# MUTX Infrastructure
Production-readiness baseline for Terraform, Ansible, Docker Compose, and monitoring.
## Layout
* `terraform/` β DigitalOcean VPC + droplet + firewall provisioning
* `ansible/` β host hardening and container deployment playbooks
* `helm/` β Kubernetes Helm chart for MUTX deployment
* `monitoring/` β Prometheus + Grafana config
## Terraform (DigitalOcean)
```bash
cd infrastructure
make tf-fmt
make tf-validate
make ansible-inventory
# Staging
make tf-plan-staging
# Production
make tf-plan-production
# Apply from terraform/ after reviewing plan
cd terraform
terraform apply -var-file=environments/production/terraform.tfvars
```
## Health Checks
The API exposes two health check endpoints for Kubernetes/production use:
* `/health` - Liveness probe, returns 200 if the service is alive
* `/ready` - Readiness probe, returns 503 if not ready to accept traffic
Both endpoints check database connectivity status.
### Notes
* Backend is environment-scoped via `terraform/environments//backend.hcl`.
* Keep `admin_cidr` scoped to VPN/home-office CIDR. Avoid `0.0.0.0/0` in production.

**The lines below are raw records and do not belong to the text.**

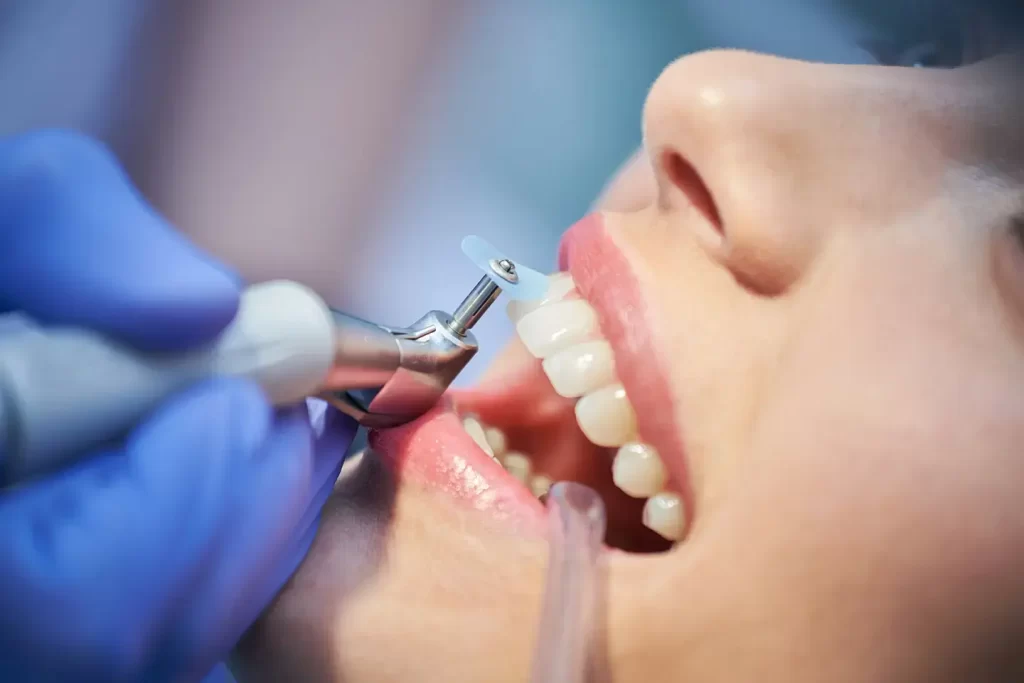 Affordable Same Day Teeth Cleaning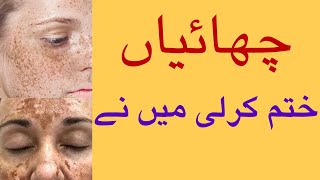 Freckles and dark spots treatment at home| How to remove dark spots on face naturally |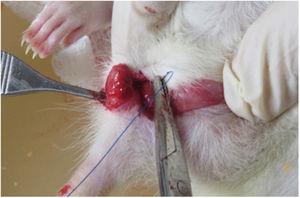 U-suture sphincteroplasty.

* Customer IDs must be unique.
* Customer VPC CIDRs are validated at plan time.
## Ansible Provisioning
```bash
cd infrastructure
make ansible-provision
make ansible-deploy-agent
```
Install Ansible collections and lint before applying:
```bash
cd infrastructure
make ansible-deps
make ansible-lint
```
Required environment variables before running playbooks:
* `POSTGRES_PASSWORD`
* `REDIS_PASSWORD`
* `AGENT_API_KEY`
* `AGENT_SECRET_KEY`
* `ADMIN_CIDR` (recommended, defaults to `0.0.0.0/0`)
* `PRIVATE_CIDR` (optional, defaults to `10.0.0.0/8`)
* `TAILSCALE_AUTH_KEY` (optional)
## Monitoring Stack
```bash
cp .env.monitoring.example .env.monitoring
# set strong credentials/passwords
cd infrastructure
make monitor-up
```
The monitoring compose file binds UI and exporter ports to localhost by default. Stop it with `cd infrastructure && make monitor-down`. Prometheus now loads alerting rules from `infrastructure/monitoring/prometheus/alerts.yml` and scrapes the API via `host.docker.internal:8000` (works for local Docker Desktop + Linux host-gateway mapping). Grafana provisioning and dashboard mounts are resolved relative to `infrastructure/docker/docker-compose.monitoring.yml`, so the stack reads from `../monitoring/grafana/...` when launched from `infrastructure/`.
## CI Drift Detection
A scheduled GitHub Actions workflow now checks Terraform drift daily for both `staging` and `production` using `terraform plan -detailed-exitcode`:
* Workflow: `.github/workflows/infrastructure-drift.yml`
* Trigger: daily cron + manual dispatch
* Behavior: uploads plan artifacts and fails when drift is detected
Required GitHub secrets:
* `DO_TOKEN`
* `TF_STATE_ACCESS_KEY_ID`
* `TF_STATE_SECRET_ACCESS_KEY`
## Extra Validation Targets
From `infrastructure/`:
```bash
# Drift-style exit codes (0=no changes, 2=changes)
make tf-plan-staging-detailed
make tf-plan-production-detailed
# Validate Prometheus config + alert rules
make monitor-validate
```
These infrastructure checks are authoritative for infra changes, but they are not the same thing as the app CI lane in `.github/workflows/ci.yml`. Keep infra-specific validation explicit so application PRs do not fail on hidden cross-surface assumptions.
## Next Hardening Items
* Replace static inventory usage with Terraform-generated inventory by default in Ansible playbook wrappers.
* Wire alert delivery (Alertmanager/notification channel) for critical rules.
* Default local Alertmanager routing now drops alerts unless they are explicitly labeled `notify="webhook"`, preventing noisy failed webhook retries in dev setups without a receiver.
* Add automated backup/restore verification for PostgreSQL and Redis volumes.